Actions

In-Depth: How the Electoral College works

System formed out of a compromise in 1787
Posted
and last updated

As we approach the November election, all eyes are on a handful of battleground states.

That’s because of an election procedure that a lot of people have questions about and one that is unique to presidential politics: the Electoral College.

When you fill out a ballot for president, you’re not actually voting for the candidate whose name you see. In California, you’re actually voting for 55 people who you may have never heard of, a “slate of electors,” who turn around and cast the real votes from the state Capitol in December.

It dates back to 1787. The Founding Fathers were split on the mechanics of how to elect a president, and “this was the thing that they could all agree on,” said UC San Diego political science professor Daniel Butler.

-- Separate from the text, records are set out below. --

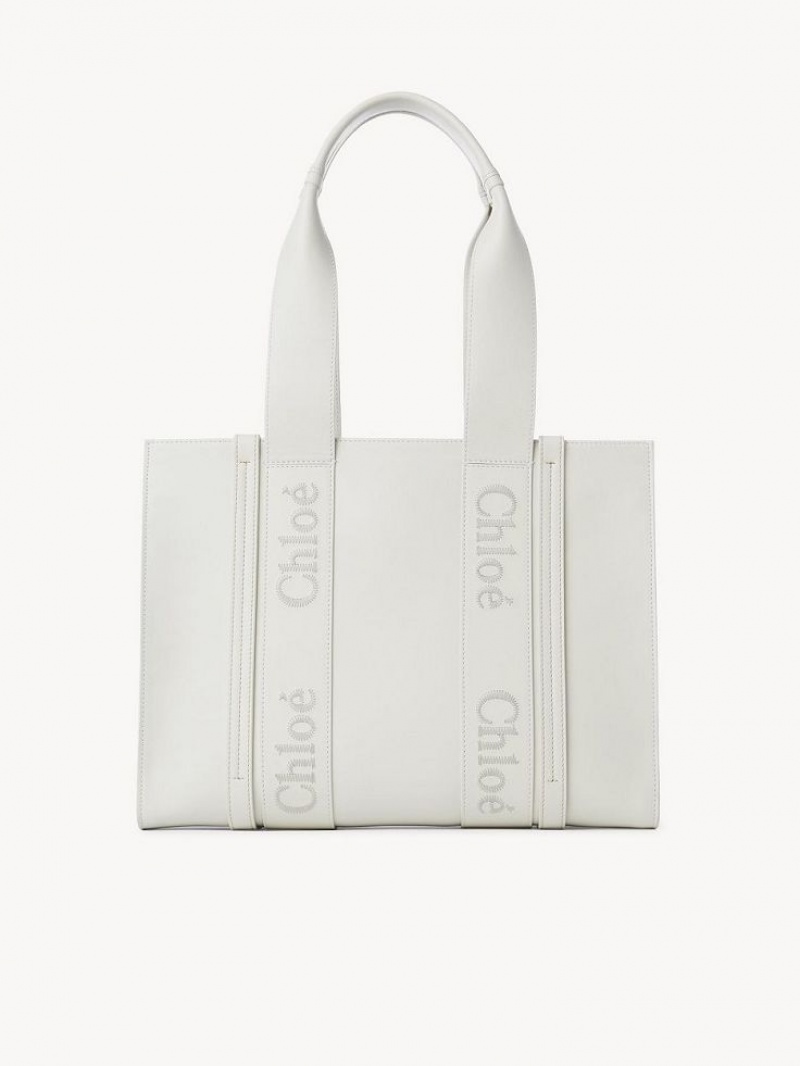 White Chloe Medium Woody Tote Bags | CHE-SR13300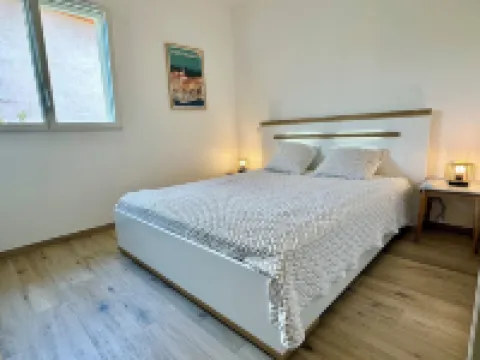 Apartment 84m2- 3 bedrooms - terrace 34 m2 - beach, restaurants on foot - parking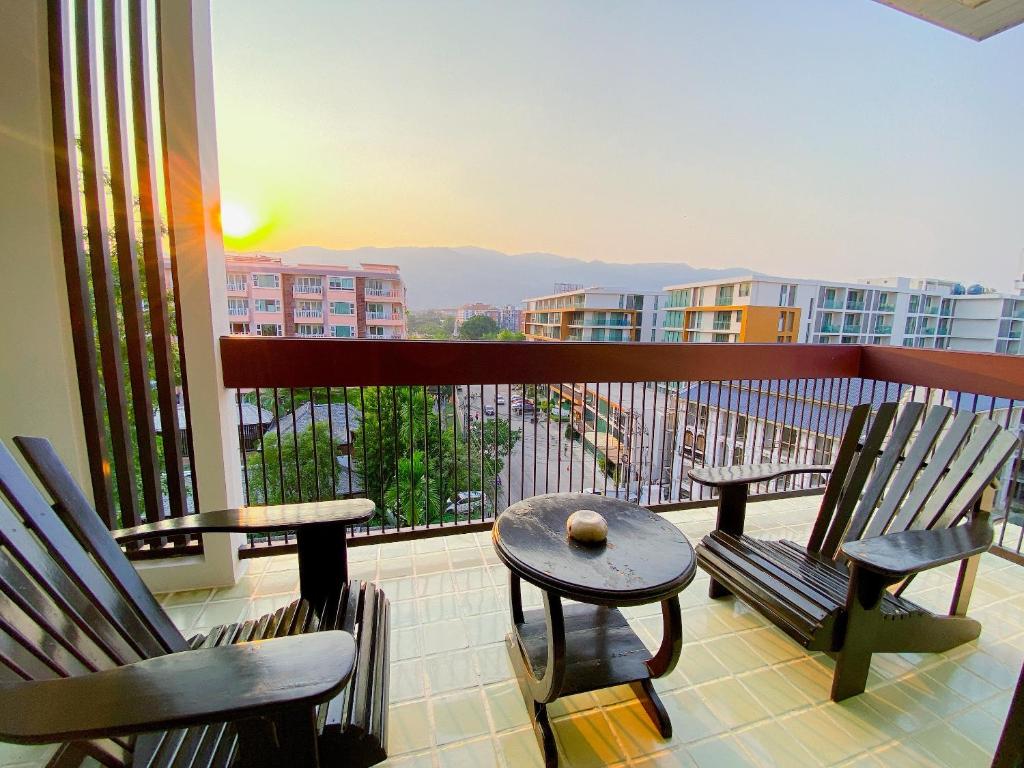 hotels with balcony in Chiang Mai Thailand Nimmanhaemin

The Electoral College was a compromise between the framers who were leery of giving direct power to the masses and others who opposed having Congress elect the president.

“It felt a lot like Parliament, a lot like what the British did, which is not what they were going to do,” Butler said.

Article II of the Constitution lays out how it works. Each state gets a number of electors equal to the size of their congressional delegation; their senators and U.S. representatives. California has 55 electors, the most of any state.

The Founders set up the Electoral College system under one big assumption: that it would be extremely rare for candidates to actually secure a majority, which today is 270 votes. If the contest ended without a majority winner, it would be decided by Congress.

The last election decided by Congress was in 1824. The scenario the Founders predicted might happen once or twice a century has unfolded in every election since.

“I think what frustrates many people about the Electoral College is that that majority winner in the popular vote isn’t always who captures the majority in the Electoral College,” said UC San Diego political science chair Thad Kousser.

In 2016, then-candidate Donald Trump became just the fifth person in history to win the Electoral College and lose the popular vote, out of 58 presidential elections. It also happened in 2000 in the contest between George W. Bush and Al Gore.

The Founders envisioned the Electoral College as a check on the popular vote, able to potentially choose a different candidate than the one favored by the masses, but in practice, electors almost never do that. Most states have laws requiring electors to follow the popular vote.

It was big news in 2016 when 10 electors broke ranks in an effort to block candidate Trump, because in every state electors are party loyalists, hand-picked by top leaders. So-called faithless electors have never swung an election.

Kousser says for all the recent controversy surrounding the electoral college, there are some major benefits. Because the system empowers states whose electorate is closely divided between the parties, Kousser said it helps mitigate the role of money in politics.

“What the electoral college does is it focuses and narrows the playing field to these few battleground states,” he said. “That's where you've got to run ads. That's where you've got to run your campaigns, not in 50 states. If we had to run 50-state campaigns then it would cost billions of dollars to win elections and it would give a huge advantage to whichever side raised the most money.”

The other benefit of focusing elections on key swing states is that it pushes the parties more towards the center, Kousser argues.

Without the Electoral College, he says candidates would try to “run up the score” and collect as many votes as possible in more populous states like California and Texas that tend to be more politically polarized.